Omessa fatturazione di compensi
Il Consiglio Nazionale Forense (CNF), con la sentenza n. 343/2024, pubblicata il 4 marzo 2025 sul sito del Codice Deontologico, ha ribadito un principio in materia di obblighi professionali degli avvocati: l’omessa fatturazione dei compensi percepiti costituisce un illecito deontologico permanente.
La vicenda
Nella vicenda, un avvocato veniva sanzionato dal CDD di Bologna con la sospensione dall’esercizio della professione per 6 mesi per una serie di violazioni disciplinari, tra cui l’aver incassato e trattenuto la somma di 800 euro ricevuta dai clienti per presentare istanza di conversione del pignoramento immobiliare a carico degli stessi.
Il Consiglio di disciplina, ritenendo accertato l’inadempimento del mandato professionale e utilizzo della somma ricevuta in deposito fiduciario, in difformità dall’incarico ricevuto e dall’accordo con i mandanti, sanzionava l’incolpato.
Quest’ultimo, inoltrava tempestiva impugnazione al CNF chiedendo tra l’altro di dichiarare la nullità della decisione per violazione del diritto di difesa (mancata audizione) ovvero abnormità (per violazione del principio di corrispondenza tra chiesto e pronunciato), dichiarare la prescrizione dell’azione disciplinare, ovvero il suo proscioglimento nel merito.
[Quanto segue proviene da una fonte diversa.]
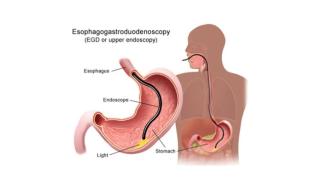 Gastroscopie - Schéma - Clinique d'Endoscopie - Hôpital Universitaire de Bruxelles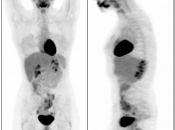 Case 1 (Image 1)
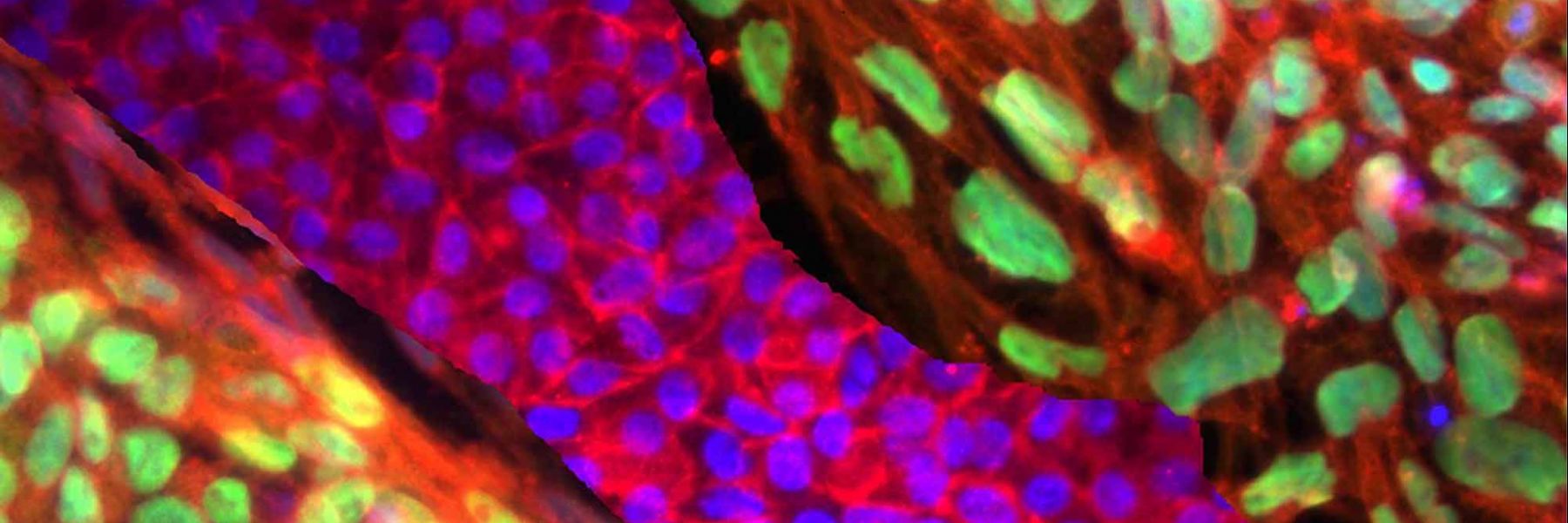 Stem cells. Credit: Teisha Rowland & Clegg Lab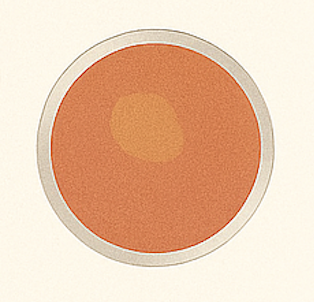 Trichomoniasis dish illustration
Il principio sancito dal CNF
In punto di prescrizione dell’azione disciplinare, il CNF dà torto al ricorrente, giacché contrariamente da quanto asserito dallo stesso, la violazione dei doveri deontologici contestati deve essere considerata di carattere permanente secondo i principi espressi in materia dal Consiglio e dalla Suprema corte di Cassazione (cfr., tra le altre, SS.UU., sentenza n. 22463 del 26 luglio 2023).
“L’avvocato ha l’obbligo, sanzionato dagli artt. 16 e 29 codice deontologico (già art. 15 cod. prev.), di emettere fattura tempestivamente e contestualmente alla riscossione dei compensi – ricorda infatti il CNF – restando irrilevante l’eventuale ritardo nell’adempimento in parola, non preso in considerazione dal codice deontologico. In particolare, la violazione di tale obbligo costituisce illecito permanente, sicché la decorrenza del termine prescrizionale ha inizio dalla data della cessazione della condotta omissiva”.
La decisione
Tuttavia, il ricorrente ha ragione sul punto della violazione del diritto di difesa, in quanto non era stato sentito nonostante l’espressa richiesta formulata in tal senso.
Tale censura, per il CNF, merita accoglimento poiché la decisione del CDD è stata assunta “all’esito di un procedimento non regolarmente svoltosi, secondo le fondamentali regole predisposte dalla legge, e senza che all’incolpato sia stato assicurato il pieno esercizio del diritto di difesa”.
Il Consiglio Nazionale Forense accoglie, dunque, il ricorso, dichiarando la nullità del provvedimento impugnato con restituzione degli atti al CDD di Bologna.